Во время поездки в Вологодскую губернию Кандинский впервые познакомился с русским народным искусством. Сначала ему пришлось ехать на поезде, затем несколько дней плыть на пароходе по спокойной реке Сухона, потом ехать на простой телеге по бесконечным лесам и холмам, через болота и песчаные пустыни. В эйфории одиночества он словно путешествовал по другой планете. В течение дня воздух накалялся, ночами было холодно и даже морозно. С благодарностью он вспоминал своих ямщиков, частенько кутавших его в походное одеяло.
В Вологодской губернии перед Кандинским предстало видение так много значившей для него крестьянской архитектуры и местное прикладное искусство. Он делал множество зарисовок, частью — на страницах маленького ежедневника. Он наслаждался народным искусством, разгадывал его тайны, словно дожидавшиеся художника с таким взрывным темпераментом. Первозданные формы народного творчества дали ему зрительный опыт: «Я въезжал в деревни, где население с желто-серыми лицами и волосами ходило с головы до ног в желто-серых же одеждах или белолицое, румяное с черными волосами было одето так пестро и ярко, что казалось подвижными двуногими картинами. Никогда не изгладятся из памяти большие двухэтажные резные избы… В этих-то необыкновенных избах я и повстречался впервые с тем чудом, которое стало впоследствии одним из элементов моих работ. Тут я выучился не глядеть на картину со стороны, а самому вращаться в картине, в ней жить. Ярко помню, как я остановился на пороге перед этим неожиданным зрелищем. Стол, лавки, важная и огромная печь, шкафы, поставцы — все было расписано пестрыми, размашистыми орнаментами. По стенам лубки: символически представленный богатырь, сражение, красками переданная песня. Красный угол[3], весь завешанный писанными и печатными образами, а перед ними красно-теплящаяся лампадка, будто что-то про себя знающая, про себя живущая, таинственно-шепчущая скромная и гордая звезда. Когда я, наконец, вошел в горницу, живопись обступила меня, и я вошел в нее. С тех пор это чувство жило во мне бессознательно, хотя я и переживал его в московских церквах, особенно в главном соборе Кремля. По возвращении из этой поездки это чувство осталось жить во мне».
И тут же Кандинский снижает градус восторга замечанием по поводу орнамента: «Я чувствовал опасность орнаментальности, мертвая обманчивая жизнь стилизованных форм была мне противна»{17}. Мне кажется, это свидетельствует о том, что Кандинский никогда не ценил в искусстве искусственного. Основой творчества он считал его способность передать живой трепет жизни.
Еще одно важное впечатление в пору становления Кандинского как художника дало его первое знакомство с произведениями Рембрандта в Санкт-Петербургском Эрмитаже — впечатление, глубоко потрясшее его.
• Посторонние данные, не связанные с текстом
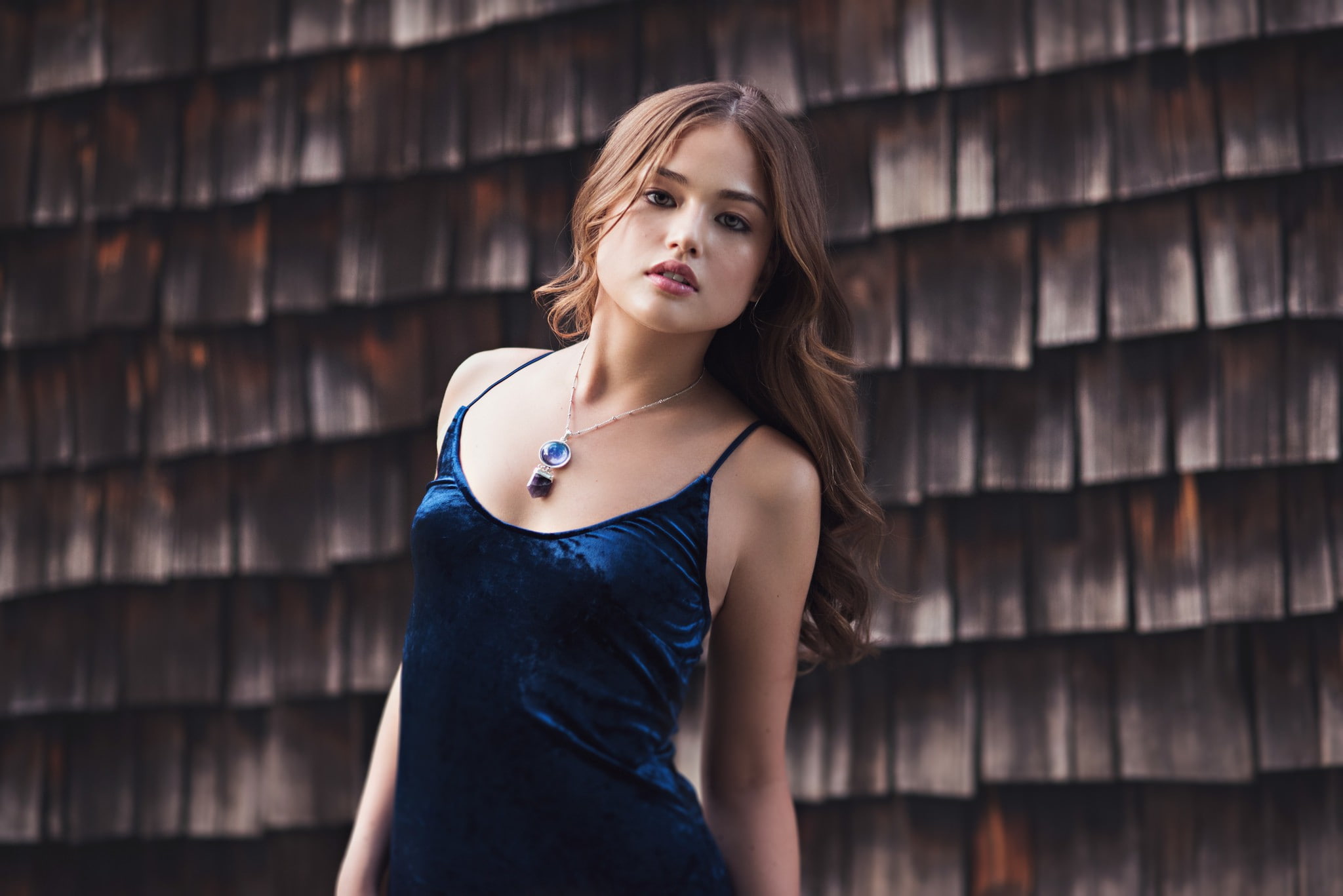 standing, model, women, necklace, looking at viewer, portrait, smoky eyes, beautiful woman, three quarter length, 1080P, hairstyle, young women, beauty, HD Wallpaper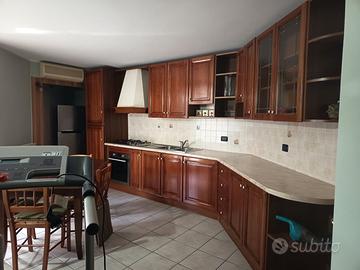 Cucina in legno massello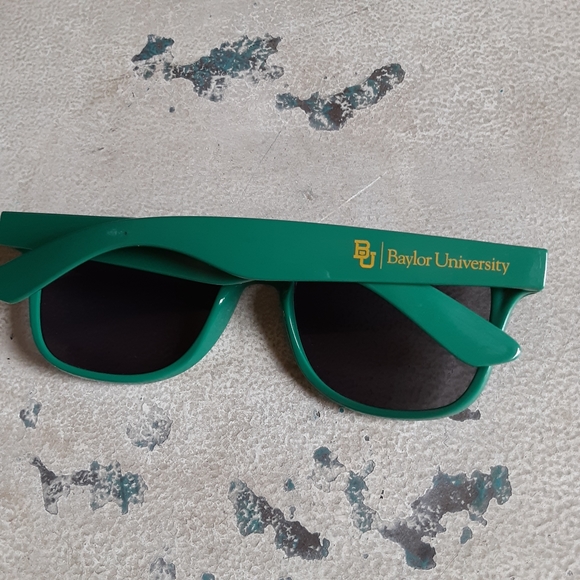 BAYLOR UNIVERSITY, Sunglasses - Picture 7 of 8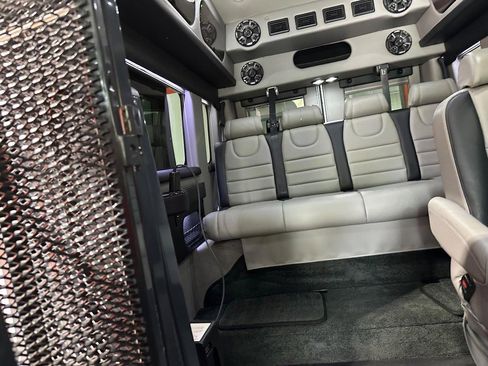 Used 2017 RAM ProMaster 2500 w/ Premium Appearance Group image 27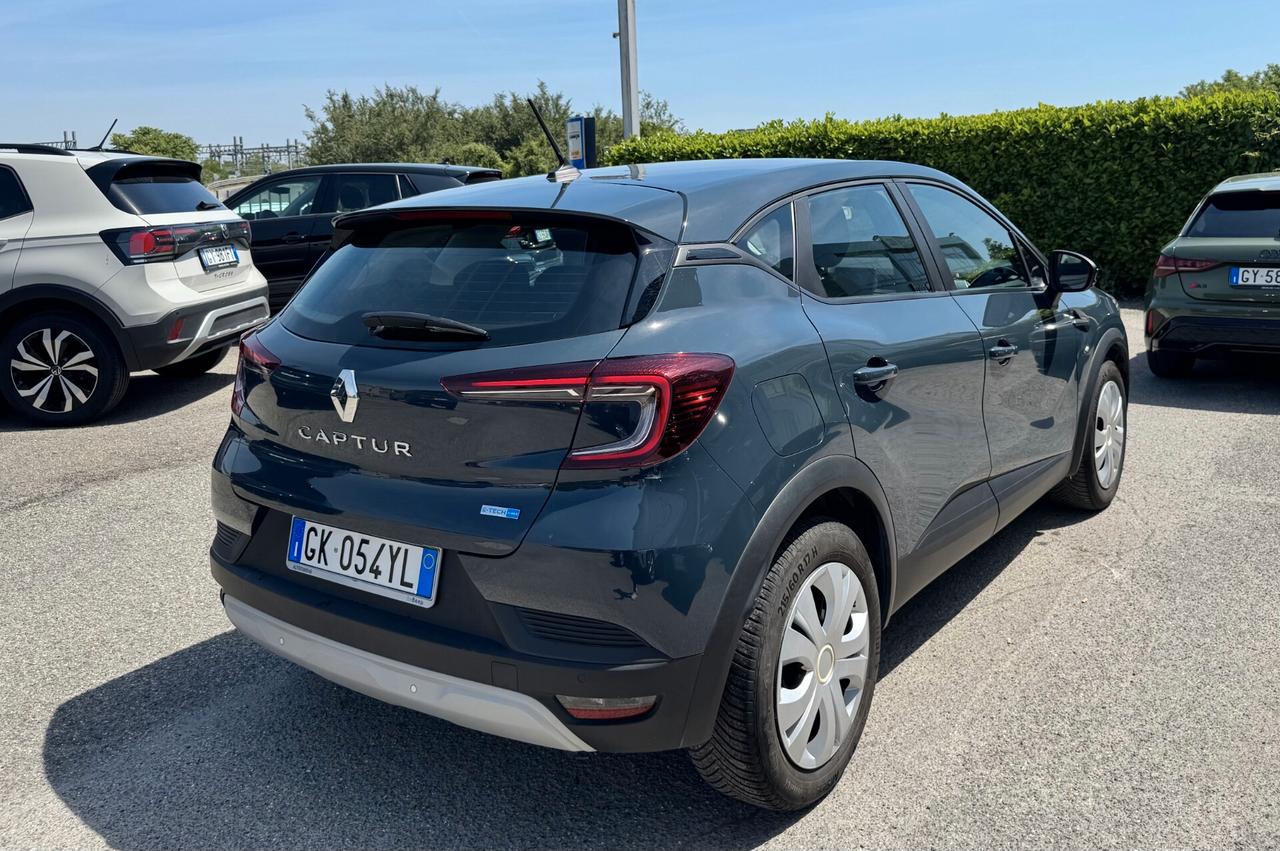Renault Captur 1.6 E-Tech full hybrid auto / NO VINCOLI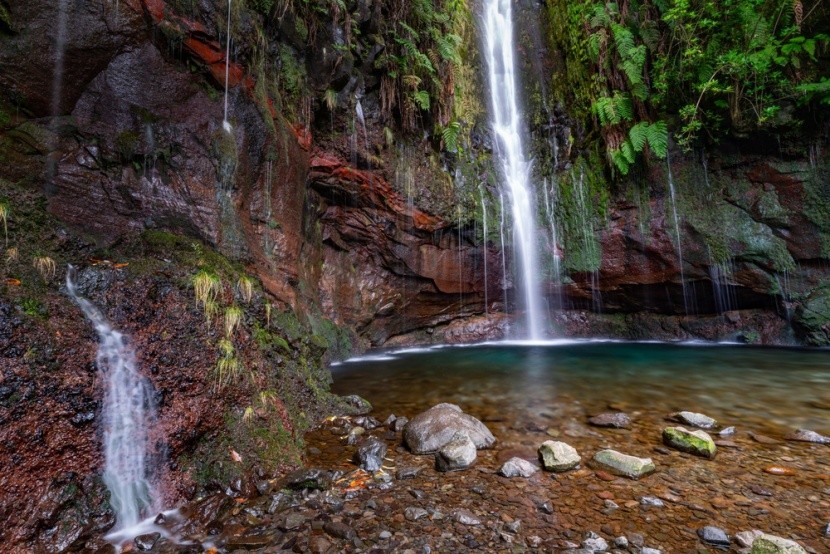 Levada das 25 Fontes z wodospadem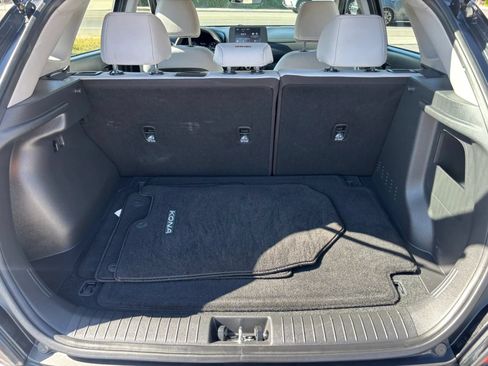 Used 2023 Hyundai Kona SE w/ Cargo Package AWD/4WD image 17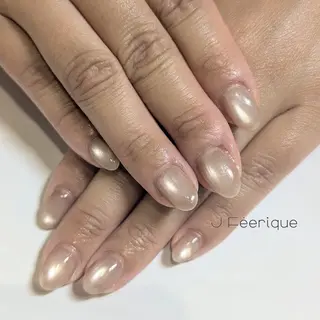 ネイル Eri 歴8年 / 南森町ネイル💅のネイルデザイン
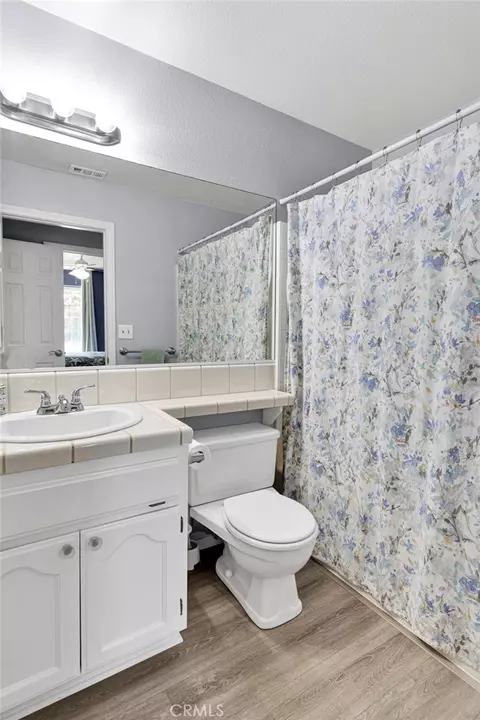 Bath - 8951 Avocado, Hesperia, CA 92345 photo 4 of 4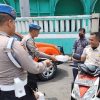 Jumat Berkah, Sipropam Polres Pelabuhan Tanjung Priok Bagikan 100 Kotak Makanan kepada Masyarakat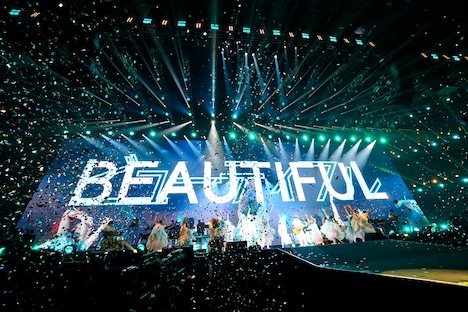 「YUZU SPECIAL LIVE 2023 HIBIKI in K-Arena Yokohama」2日目公演「RED×ALL STARS」の様子。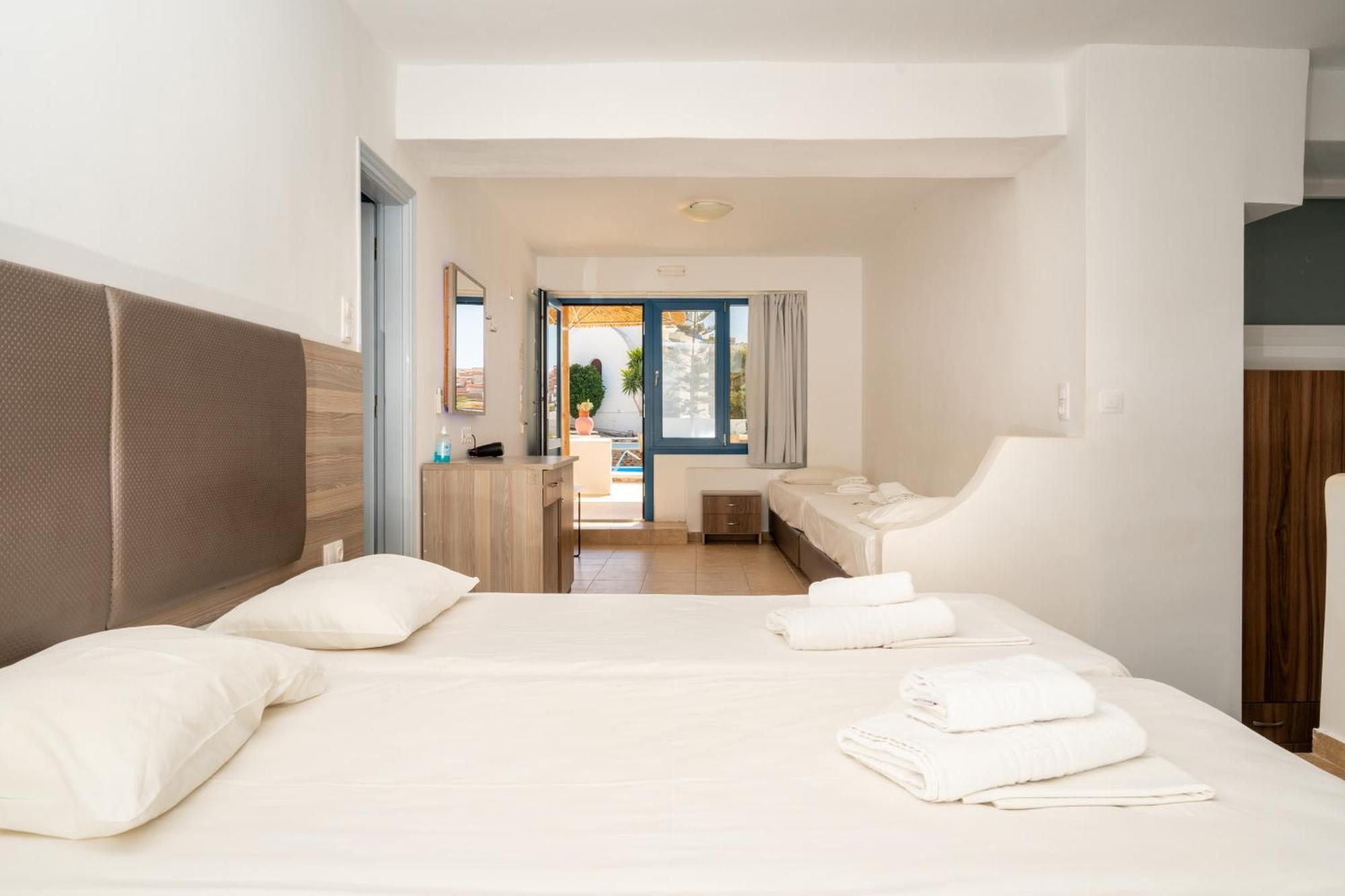 Aparthotel Panairi à Chora d'Ios Extérieur photo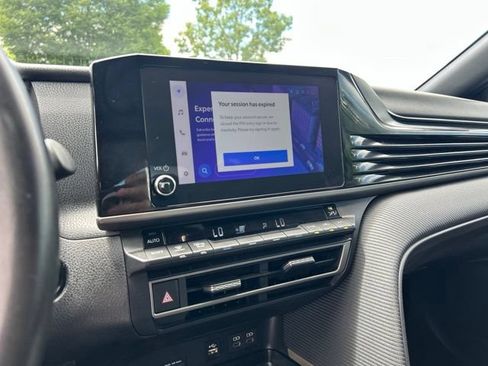 Used 2025 Toyota Camry SE FWD image 21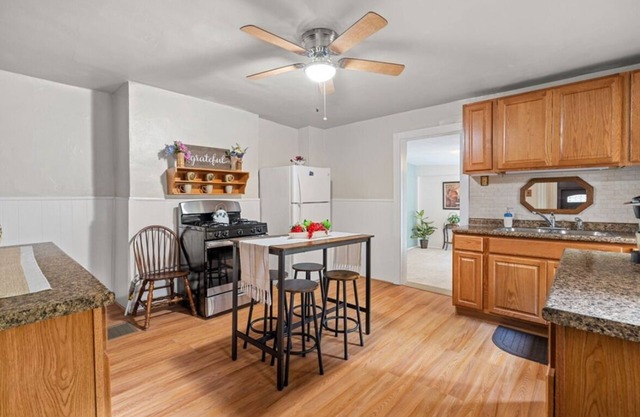 Stylish Northside Hideaway – 3BR/2BA Sleeps 8–10 Close to Oakmont & Downtown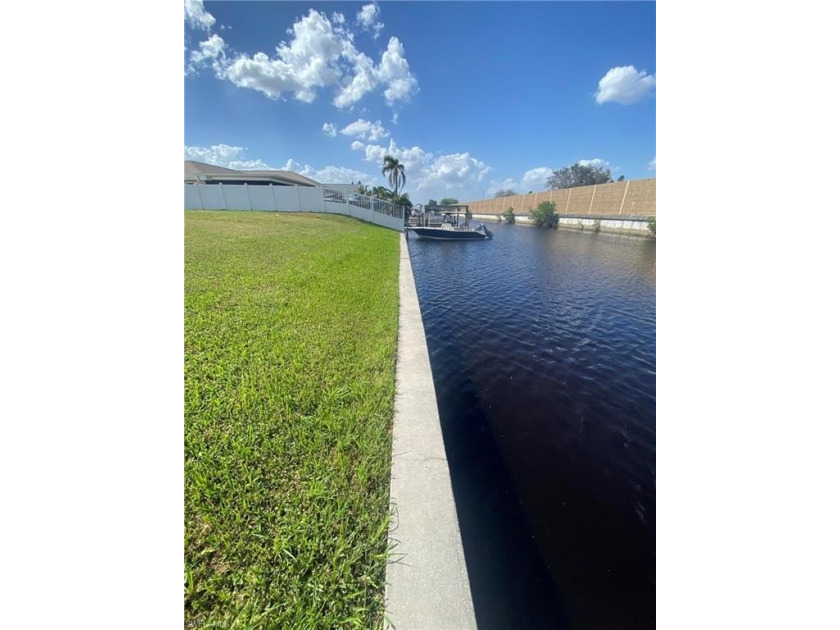 Discover the potential of this spacious land property located at - Beach Lot for sale in Cape Coral, Florida on Beachhouse.com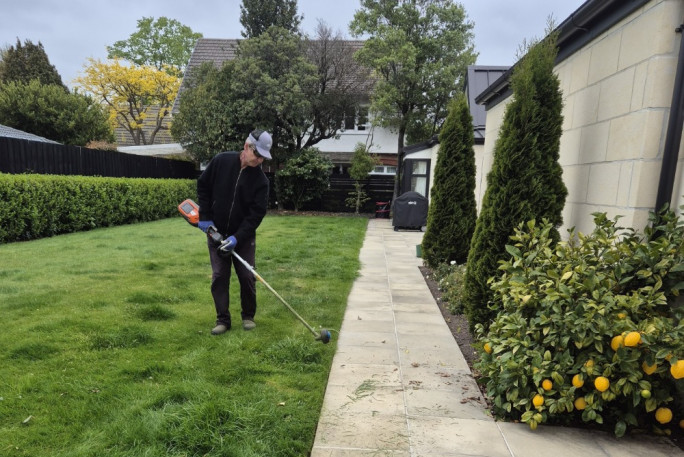 Lawn and Garden Services Franchise for Sale Christchurch 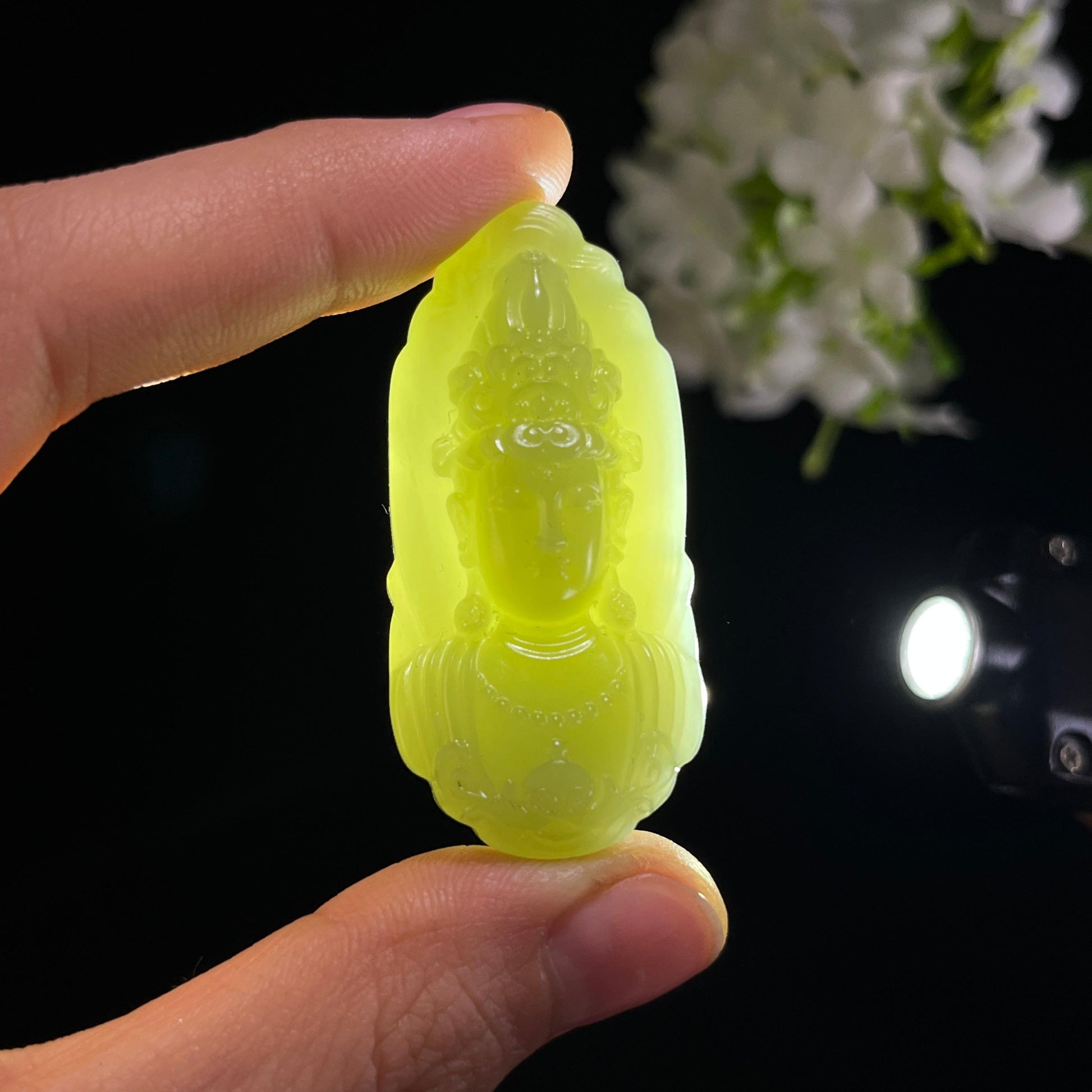 新疆天然和田玉沙枣青观音雕刻挂件（yc353789）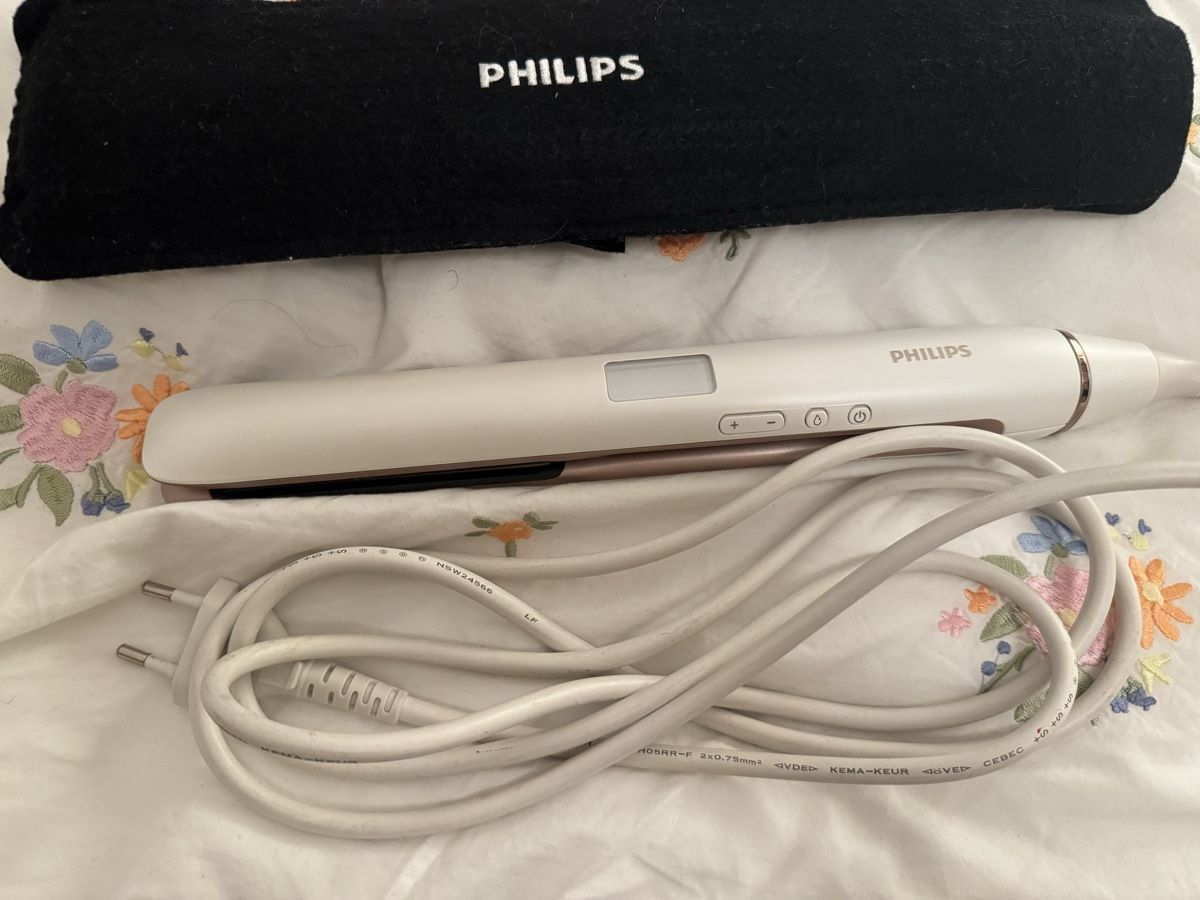 Philips Lockenstäbe & Haarglätter: Lisseur Philips MoistureProtect – Gebraucht aus Meyrin von mai_pl7s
Это было в тот же год, когда он совершил путешествие в Вологду.
Я вновь процитирую собственные слова Кандинского, они объясняют, что чувствовал начинающий художник перед картинами Рембрандта: «Основное разделение темного и светлого на две большие части, растворение тонов второго порядка в этих больших частях, слияние этих тонов в эти части, действующие двузвучием на любом расстоянии (и напомнившие мне сейчас же вагнеровские трубы) открыли передо мной совершенно новые возможности, сверхчеловеческую силу краски самой по себе, а также — с особою ясностью — повышение этой силы с помощью сопоставления, т. е. по принципу противоположения… С другой же стороны, я чувствовал довольно сознательно, что деление это у Рембрандта дает свойство его картинам, мною еще ни у кого не виданное. Получалось впечатление, что его картины длительны, а это объяснялось необходимостью продолжительно исчерпывать сначала одну часть, а потом другую. Со временем я понял, что это деление присваивает живописи элемент, ей будто бы недоступный, — время»{18}.
Несколько из написанных в Мюнхене на рубеже веков картин — их было три или четыре — обладали этим свойством. Кандинский, человек с особо развитым видением, первым выносит свое суждение, прежде чем теоретик в нем поспевает с заключительными выводами. Он пристально всматривается в предметы, воздействующие на зрение. Все это касается и двух других событий 1895 года, оставивших глубокий след в его живописи.
В том году Кандинский слушал «Лоэнгрина» в Большом театре и посетил выставку французских импрессионистов в Москве, где увидел картину Моне «Стог сена»{19}. Сначала она показалась ему провокационной, но затем подействовала как пророчество.